My question is, what are the most crucial properties of dirty water that actually lead frog to death. I mean, exact chemicals and concentrations, as well as their source in aquarium.
Well, as far as I know, ammonia and ammonium are the most damaging factors, deriving from excrement. Do you know any other chemicals that have chance to infest frog's aquarium in deadly amount? For example, are there any special skin excretions capable of dissolving and accumulating in water and becoming dangerous to frog's health at certain point. Are there any special poisons produced by aqua plants if one chooses to keep them in frog's tank?
And probably, there is something in addition to ammonium(ia) in excrements...
Also, I'm very interested in finding any numbers regarding the topic, like critical ammonia and other chems concentrations, recomended concentrations, concentration of this chemicals in natural pools/lakes the frogs live in etc. Please, let me know if you have ever found any data on this.

Thanks in advance.
Anton


----------



## fatlad69 (Oct 22, 2009)

Bacteria build up would be one of the main problems.


----------



## Entoursis (Jan 8, 2012)

Hm... I always was of the oppinion that bacteria are a help, that's why it's even recomended by some guru aquarium keepers to use some pond water at the aquarium launch to provide it with some bacteria startup.
Don't they clean aquarium from pollutants?
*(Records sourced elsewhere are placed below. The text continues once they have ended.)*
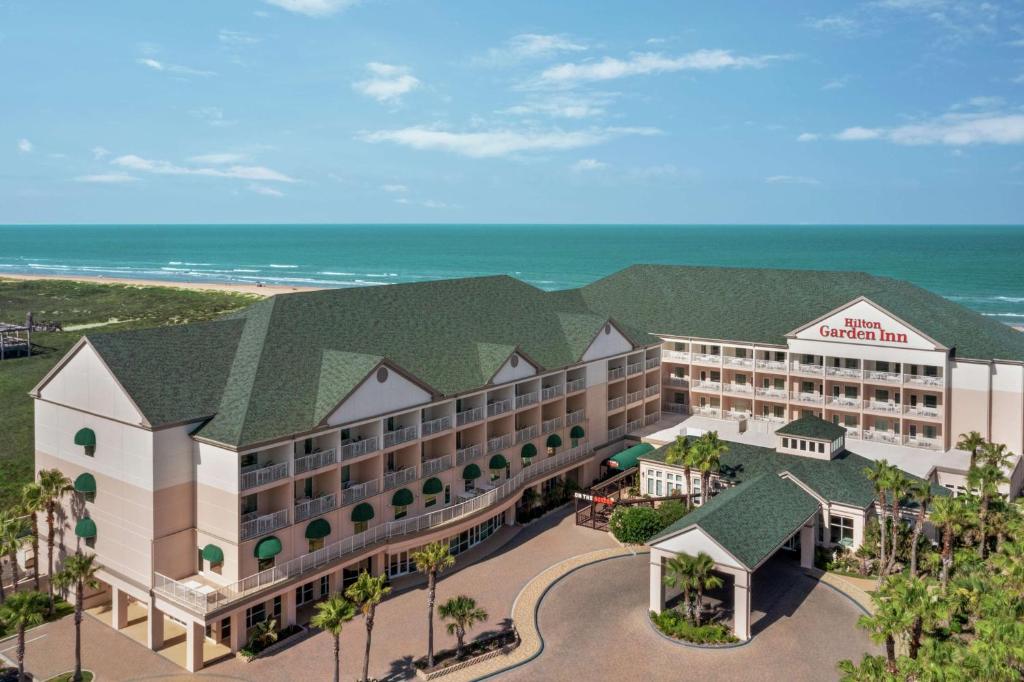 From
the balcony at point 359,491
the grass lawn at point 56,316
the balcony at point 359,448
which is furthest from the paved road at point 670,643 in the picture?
the grass lawn at point 56,316

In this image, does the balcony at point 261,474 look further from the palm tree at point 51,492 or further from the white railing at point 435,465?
the palm tree at point 51,492

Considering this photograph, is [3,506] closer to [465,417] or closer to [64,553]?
[64,553]

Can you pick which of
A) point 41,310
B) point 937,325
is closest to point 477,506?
point 937,325

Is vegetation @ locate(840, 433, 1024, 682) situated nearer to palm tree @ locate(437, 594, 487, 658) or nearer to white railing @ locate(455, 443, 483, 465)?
palm tree @ locate(437, 594, 487, 658)

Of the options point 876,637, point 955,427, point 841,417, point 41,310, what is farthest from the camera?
point 41,310

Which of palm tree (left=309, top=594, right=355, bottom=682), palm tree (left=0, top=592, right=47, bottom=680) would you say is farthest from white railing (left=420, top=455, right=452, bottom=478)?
palm tree (left=0, top=592, right=47, bottom=680)

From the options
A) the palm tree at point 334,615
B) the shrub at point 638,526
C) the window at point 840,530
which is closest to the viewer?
the palm tree at point 334,615

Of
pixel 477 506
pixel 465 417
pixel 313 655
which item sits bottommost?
pixel 313 655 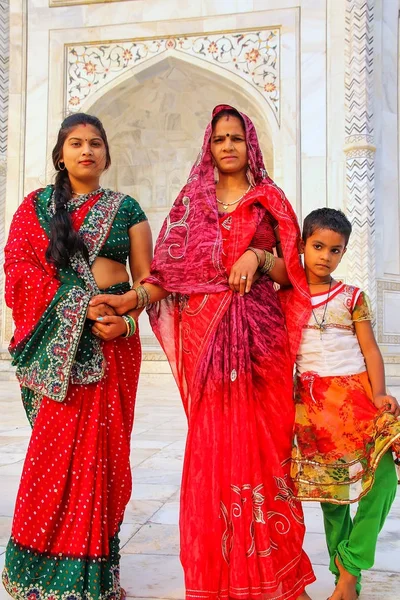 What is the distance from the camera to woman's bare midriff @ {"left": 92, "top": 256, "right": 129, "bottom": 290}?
1.57 meters

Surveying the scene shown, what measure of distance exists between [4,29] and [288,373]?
7.50 m

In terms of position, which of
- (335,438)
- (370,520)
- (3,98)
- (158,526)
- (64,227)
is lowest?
(158,526)

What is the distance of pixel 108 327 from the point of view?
148 centimetres

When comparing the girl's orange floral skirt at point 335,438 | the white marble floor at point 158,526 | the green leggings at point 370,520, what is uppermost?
the girl's orange floral skirt at point 335,438

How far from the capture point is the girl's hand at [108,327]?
1.48 m

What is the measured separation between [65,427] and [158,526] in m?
0.78

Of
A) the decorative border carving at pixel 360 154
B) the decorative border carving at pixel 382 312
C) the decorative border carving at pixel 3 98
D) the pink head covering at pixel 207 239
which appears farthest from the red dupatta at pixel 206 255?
the decorative border carving at pixel 3 98

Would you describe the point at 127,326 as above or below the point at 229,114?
below

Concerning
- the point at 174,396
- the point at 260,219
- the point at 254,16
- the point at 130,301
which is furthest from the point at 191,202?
the point at 254,16

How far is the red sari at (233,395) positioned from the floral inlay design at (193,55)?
5844mm

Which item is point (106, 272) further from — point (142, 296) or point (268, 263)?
point (268, 263)

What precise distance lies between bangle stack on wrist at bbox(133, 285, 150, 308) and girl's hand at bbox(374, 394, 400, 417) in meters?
0.58

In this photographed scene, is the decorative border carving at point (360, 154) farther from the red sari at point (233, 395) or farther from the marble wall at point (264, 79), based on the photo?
the red sari at point (233, 395)

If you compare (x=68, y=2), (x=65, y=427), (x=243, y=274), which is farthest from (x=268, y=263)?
(x=68, y=2) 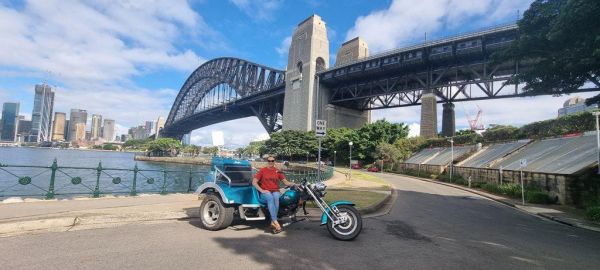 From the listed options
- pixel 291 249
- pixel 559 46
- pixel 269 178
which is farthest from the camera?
pixel 559 46

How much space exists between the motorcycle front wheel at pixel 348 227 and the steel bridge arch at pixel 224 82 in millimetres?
87705

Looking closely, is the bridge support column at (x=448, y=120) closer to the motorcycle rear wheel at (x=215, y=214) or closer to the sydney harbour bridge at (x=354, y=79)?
the sydney harbour bridge at (x=354, y=79)

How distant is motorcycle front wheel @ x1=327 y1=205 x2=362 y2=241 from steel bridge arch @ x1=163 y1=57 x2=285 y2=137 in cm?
8770

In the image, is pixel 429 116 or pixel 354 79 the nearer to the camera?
pixel 429 116

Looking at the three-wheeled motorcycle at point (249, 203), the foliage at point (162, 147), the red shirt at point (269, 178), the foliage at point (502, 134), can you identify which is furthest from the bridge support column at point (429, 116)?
the foliage at point (162, 147)

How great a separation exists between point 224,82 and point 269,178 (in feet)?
418

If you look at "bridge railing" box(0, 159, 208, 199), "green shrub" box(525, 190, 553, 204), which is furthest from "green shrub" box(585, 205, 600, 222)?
"bridge railing" box(0, 159, 208, 199)

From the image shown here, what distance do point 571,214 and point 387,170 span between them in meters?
40.7

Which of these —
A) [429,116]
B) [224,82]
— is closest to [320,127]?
[429,116]

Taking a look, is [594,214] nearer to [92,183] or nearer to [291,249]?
[291,249]

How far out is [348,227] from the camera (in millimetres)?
6914

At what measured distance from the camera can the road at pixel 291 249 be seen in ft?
16.7

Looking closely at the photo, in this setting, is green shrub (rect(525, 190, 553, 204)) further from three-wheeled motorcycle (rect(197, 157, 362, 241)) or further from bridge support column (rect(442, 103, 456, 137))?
bridge support column (rect(442, 103, 456, 137))

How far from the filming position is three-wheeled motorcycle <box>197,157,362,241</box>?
6945mm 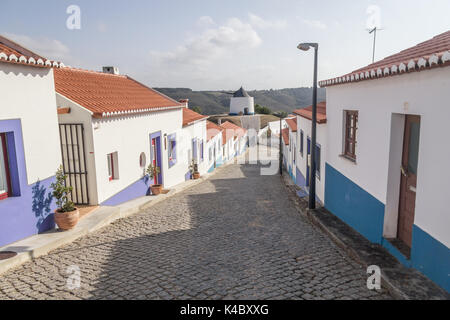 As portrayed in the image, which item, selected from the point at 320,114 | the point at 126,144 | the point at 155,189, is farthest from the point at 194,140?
the point at 320,114

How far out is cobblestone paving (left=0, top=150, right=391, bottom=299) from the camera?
15.2 ft

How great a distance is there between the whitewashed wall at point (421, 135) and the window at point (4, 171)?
254 inches

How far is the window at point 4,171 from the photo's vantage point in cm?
593

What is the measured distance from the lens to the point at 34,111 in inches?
253

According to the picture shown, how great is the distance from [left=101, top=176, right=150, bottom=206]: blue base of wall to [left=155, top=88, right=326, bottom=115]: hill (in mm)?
103602

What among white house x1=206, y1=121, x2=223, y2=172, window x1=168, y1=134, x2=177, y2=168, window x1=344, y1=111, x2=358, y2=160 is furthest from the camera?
white house x1=206, y1=121, x2=223, y2=172

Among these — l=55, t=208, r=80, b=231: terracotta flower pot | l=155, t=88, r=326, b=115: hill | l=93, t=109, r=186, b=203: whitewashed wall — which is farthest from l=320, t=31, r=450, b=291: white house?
l=155, t=88, r=326, b=115: hill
E.g. aforesaid ammonia.


----------



## fatlad69 (Oct 22, 2009)

Entoursis said:


> Hm... I always was of the oppinion that bacteria are a help, that's why it's even recomended by some guru aquarium keepers to use some pond water at the aquarium launch to provide it with some bacteria startup.
> Don't they clean aquarium from pollutants? E.g. aforesaid ammonia.


Some bacteria are useful but in dirty condition harmful bacteria build up. Amphibians have very sensitive skin and can be prone to infection if conditions are substandard.


Adam


----------



## Ron Magpie (Oct 11, 2009)

Some bacteria, as noted, are helpful- some are not. Frogs and other amphibians have semipermiable skins with which they absorb water- but also anything else that is disolved in that water, including bacterial waste products. The mucus and toxins that they produce in their skin protects them to an extent, but it's not as effective as the skins of reptiles, birds and mammals.
Semipermiable skin has another disadvantage, too- the balance of salts and water in their bodies can be easily disrupted by osmosis across the membranes- hence the advice not to give them distilled or RO water to bathe in; the water will be drawn into the stronger solution in their bodies, meaning that they absorb too much. By the same token, a stronger solution externally will draw water out, dehydrating them- which is why no amphibians live in the sea.


----------



## TJR1989 (Jun 28, 2012)

Hi,

If the water is unfiltered then as the waste is produced you will get a build of toxic ammonia, which in fish kills them, this turns into nitrite by nitrifying bacteria. Nitrite is again toxic to fish and although not as toxic as ammonia is still quite toxic and will kill the fish. The final peice in the ammonia cycle is Nitrate which isn't toxic to the fish but if high over time can make them ill/die. 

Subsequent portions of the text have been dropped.